Yüzyıllar boyunca belirli bir geleneğe bağlı kalan Fransız Kralları, gelecekten haber veren bu kahinin Provence'deki mezarını bizzat ziyaret etmişlerdir. Nostradamus, yaptığı çalışmalarla "kahin ve astrolog" unvanına sahip olup da, kilise toprağına gömülen tek kişidir. Çünkü aynı iddiada bulunan arkadaşlarının bir çoğu, kilise tarafından büyücülükle suçlanarak yakılmışlardır...

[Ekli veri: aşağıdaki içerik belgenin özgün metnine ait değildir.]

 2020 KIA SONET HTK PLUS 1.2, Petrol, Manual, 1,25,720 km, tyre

Yüzyıllara damgasını vuran bu kişi kimdir?... Babası İsaşar adlı bir Yahudi kabilesinden gelmiştir. Söz konusu kabilede; Eski Ahid'de anlatılan birçok peygamberin yetiştirilmesi de bir başka ilginç ayrıntıdır...

14 Aralık 1503'de SaintRemy'de doğdu, 2 Temmuz 1566'da öldü. Ailesi Yahudi kökenli olmasına rağmen, o daha sonra din değiştirerek Katolik olmuştu. Genç Nostradamus klasik dil ve edebiyat öğrenimini tamamladıktan sonra Avignon'dan ayrıldı. Tıp okumak için 1522'de Montpellier'e gitti.

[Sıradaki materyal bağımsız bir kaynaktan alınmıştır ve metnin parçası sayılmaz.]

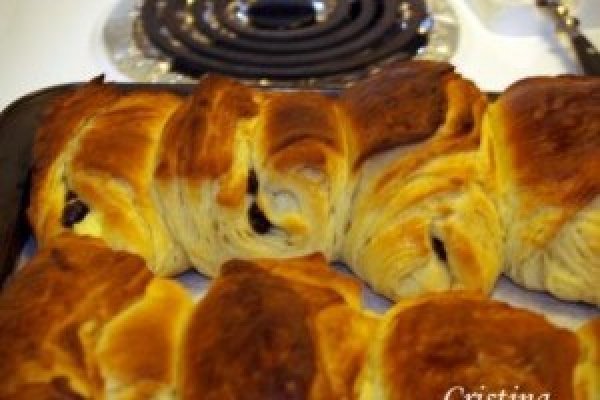 Croisante cu ciocolata si crema patisera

1525 yılında Montpellier Yüksek Okulu'na geçmiş, veba salgını çıkınca, hocaları ve öğrenciler kenti terk etmişti. Ancak o kentte kalarak veba salgım ile mücadele etmeyi seçmişti. Özel bir antibiyotik bularak kentte insanların birçoğunu kurtarmayı başardı. Bu, onu bir halk kahramanı yaptı.

1529 yılında doktorluk sınavlarını vererek diplomasını aldı. 1530 yılında profesör olduktan sonra görevinden ayrılarak Ager Şehri'ne gitti. Karısı ve çocukları çıkan bir salgında ölünce, muayenehanesini kapatıp 10 yıl boyunca Sicilya İtalya arasında dolaştı. Sonunda Salon'a yerleşti. 1544 yılında yine salgın hastalıklarla uğraştı.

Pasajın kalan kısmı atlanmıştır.